TASK TO CARRY OUT |
Starting with the line that holds "320 Cypress Street, Pineville, KY 40977", repeat each line through the last one below, exactly. Pictures stay out.

TASK MATERIAL |
★ ★ ★ ★

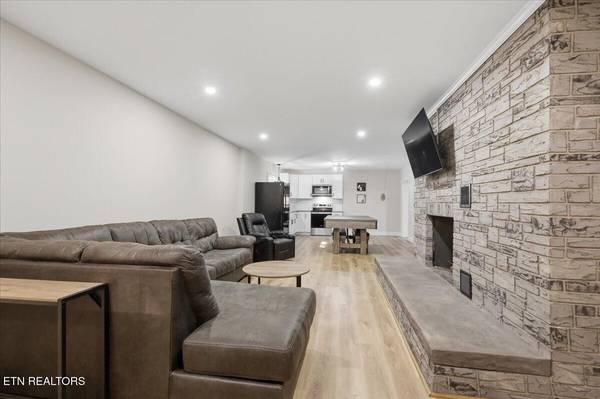 3304 SW Timberlake Drive, Knoxville, TN 37920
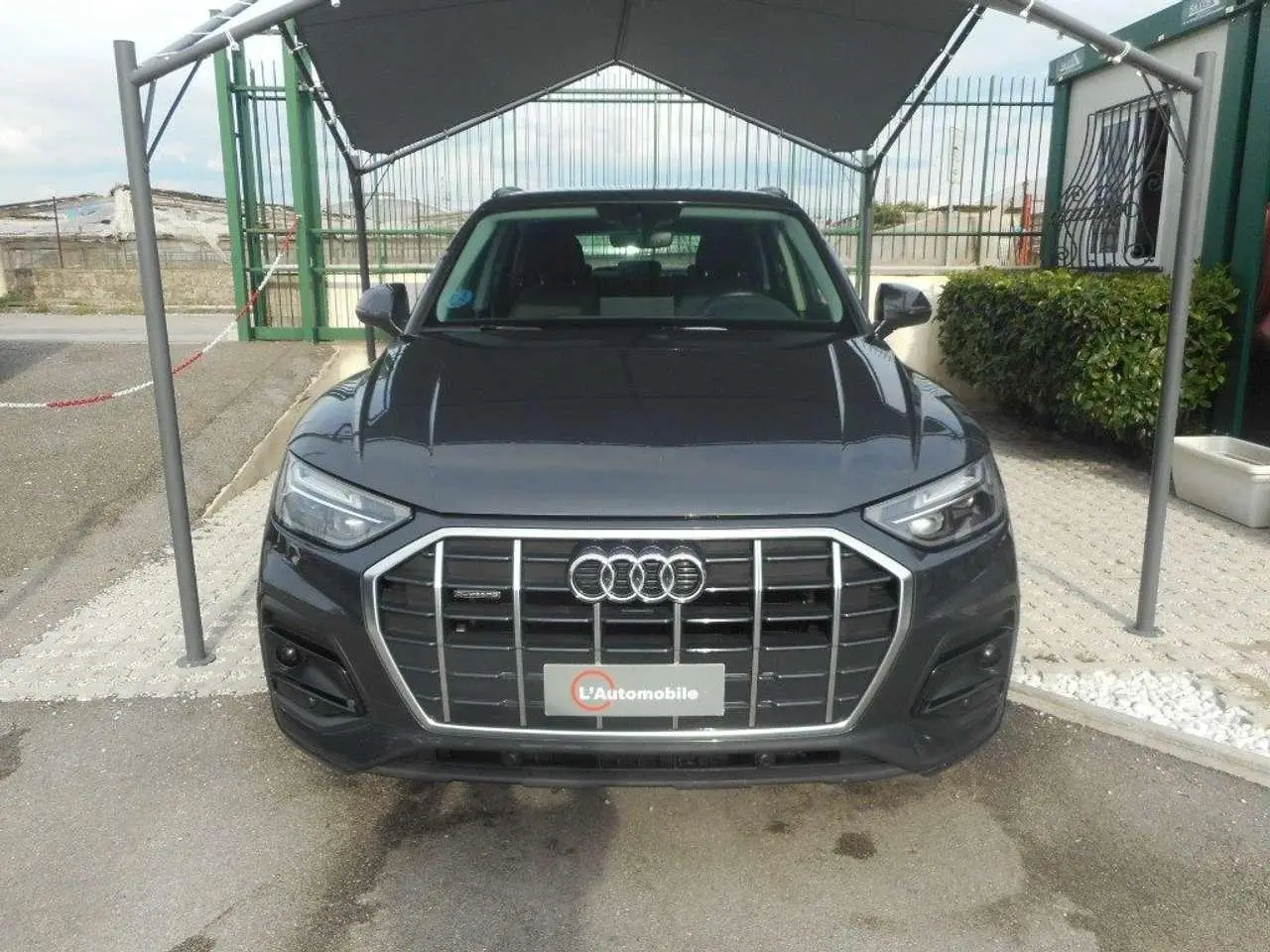 Photo 1 : Audi Q5 2023 Hybride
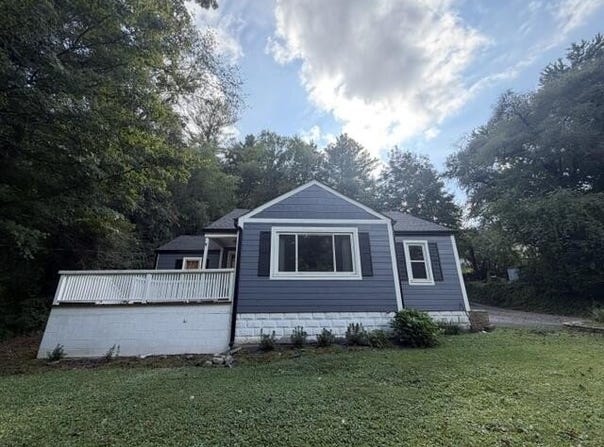 320 Cypress Street, Pineville, KY 40977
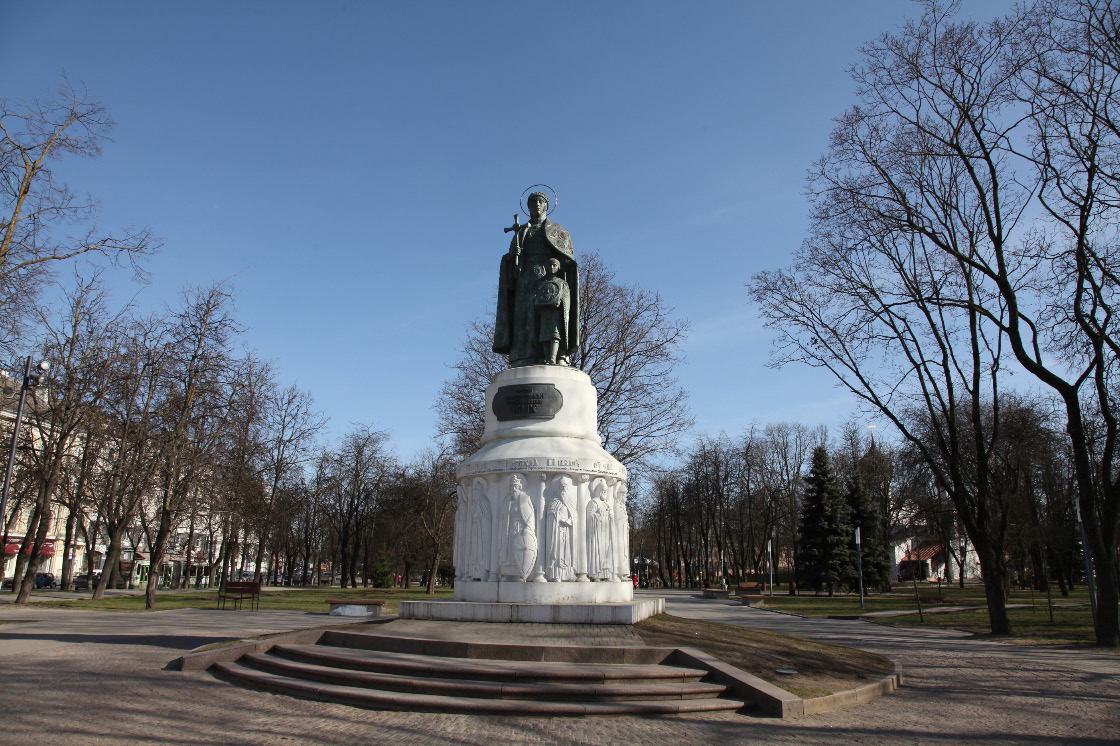 Monumental bronze of grandmother and grandson in Olga's home town of Pskov by sculptor В М Клыков – V.M. Klykov and architect С.Ю. Битный – S.Yu Bitnyi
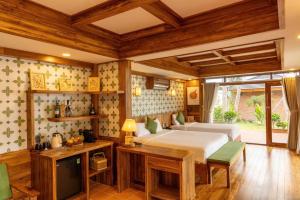 Rocks Beach Boutique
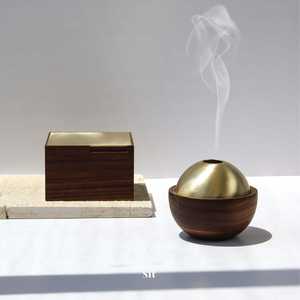 Quemador de incienso de madera y latón con tapa, minimalista, para mesa, para decoración del hogar, oficina, meditación, uso en hoteles. - Product Image 5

★ ★ ★ ★

WORKED SOLUTION |
 320 Cypress Street, Pineville, KY 40977
 Monumental bronze of grandmother and grandson in Olga's home town of Pskov by sculptor В М Клыков – V.M. Klykov and architect С.Ю. Битный – S.Yu Bitnyi
 Rocks Beach Boutique
 Quemador de incienso de madera y latón con tapa, minimalista, para mesa, para decoración del hogar, oficina, meditación, uso en hoteles. - Product Image 5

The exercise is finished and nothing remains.